Exercise description -
Where the line holding "Mass in D Op." appears, start copying, and continue exactly through the last line of the listing, skipping pictures.

The data -
^^^^
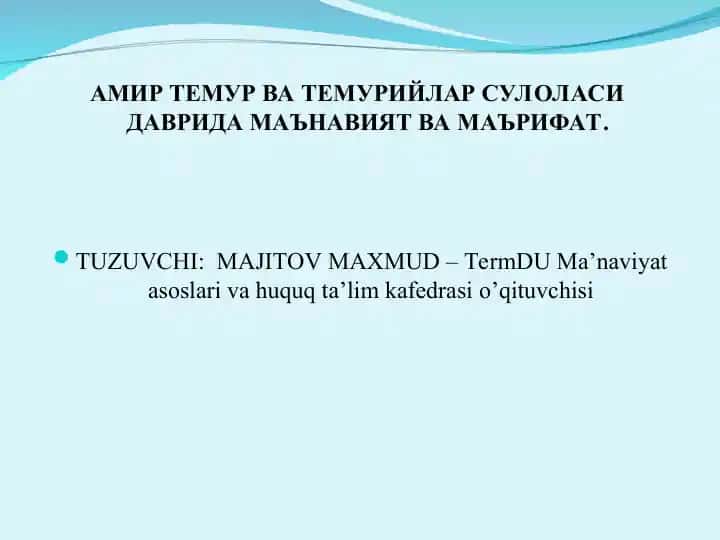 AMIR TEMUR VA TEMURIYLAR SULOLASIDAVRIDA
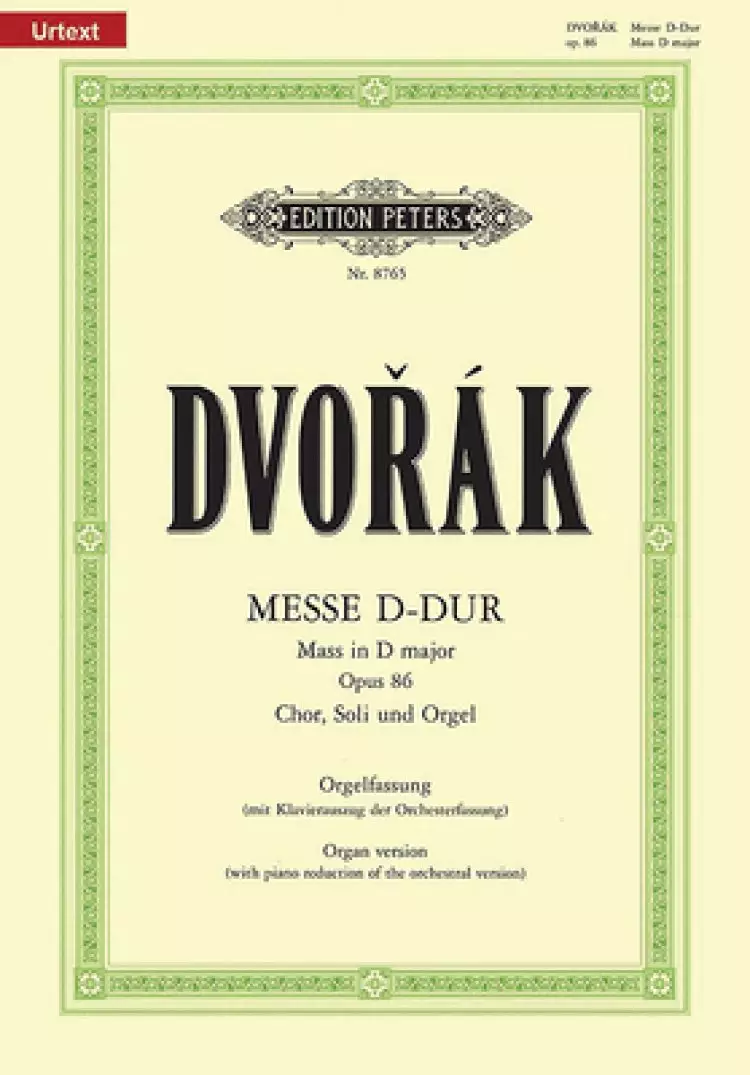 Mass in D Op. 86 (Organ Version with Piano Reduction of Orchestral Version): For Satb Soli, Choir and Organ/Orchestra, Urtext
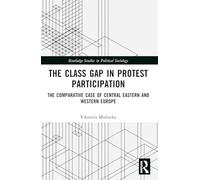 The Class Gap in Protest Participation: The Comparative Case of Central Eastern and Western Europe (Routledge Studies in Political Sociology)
^^^^
The completed task -
 Mass in D Op. 86 (Organ Version with Piano Reduction of Orchestral Version): For Satb Soli, Choir and Organ/Orchestra, Urtext
 The Class Gap in Protest Participation: The Comparative Case of Central Eastern and Western Europe (Routledge Studies in Political Sociology)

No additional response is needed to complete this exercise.